Giving the Go to Crossbows?

By: Meryl Conant
By: Meryl Conant

Valley hunters may soon be able to head out there armed with a new weapon. It's thanks to one piece of legislation that shot straight through the General Assembly.

The weapon is a crossbow. It has been mostly illegal to use but may soon be a hot item.

And all it will take is an extra license from the Department of Game and Inland Fisheries.

With a crossbow you still have to point and aim.

But unlike compound bows, a pull of a trigger sends the arrow flying.

That's why people with physical handicaps have been allowed to use them.

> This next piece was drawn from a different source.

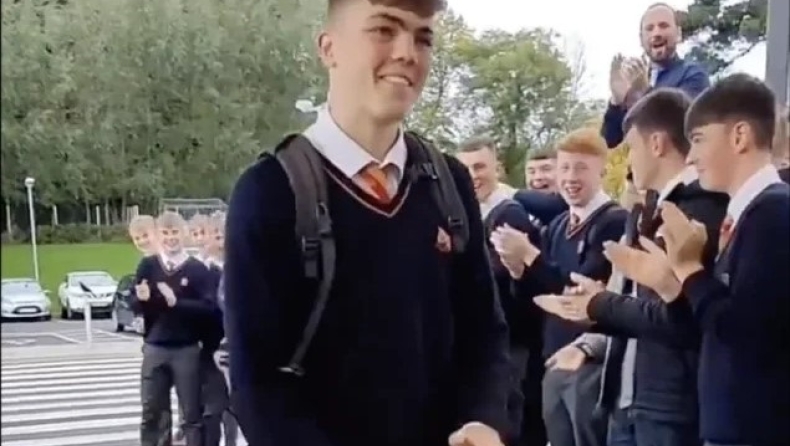 Πυγμαχία: Υποδοχή ήρωα σε 15χρονο πυγμάχο στο σχολείο του στο Δουβλίνο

"I have trouble pulling back a compound," said crossbow user Normand McLaughlin. "So, I have a doctor’s note and I do use a Parker crossbow."

The new law will allow everyone to use one.

"Bowhunting is very very popular in this area and now with the crossbows coming, it will just get everybody going even more on that," said Jim Hegedus of Dominion Outdoors. "It just opens up a lot more avenues for people that haven't been able to do it before"

And makes sure that those who already do are capable of handling it.

"You got a lot of people that use a crossbow that don't have a permit and this way it will make it legitimate," said McLaughlin.

Now, don't go out and buy your crossbow just yet.

The bill approved by the House and Senate must now be signed by Governor Warner.

And it gives the Department of Game and Inland Fisheries the right to issue licenses.

That decision will be made later this year.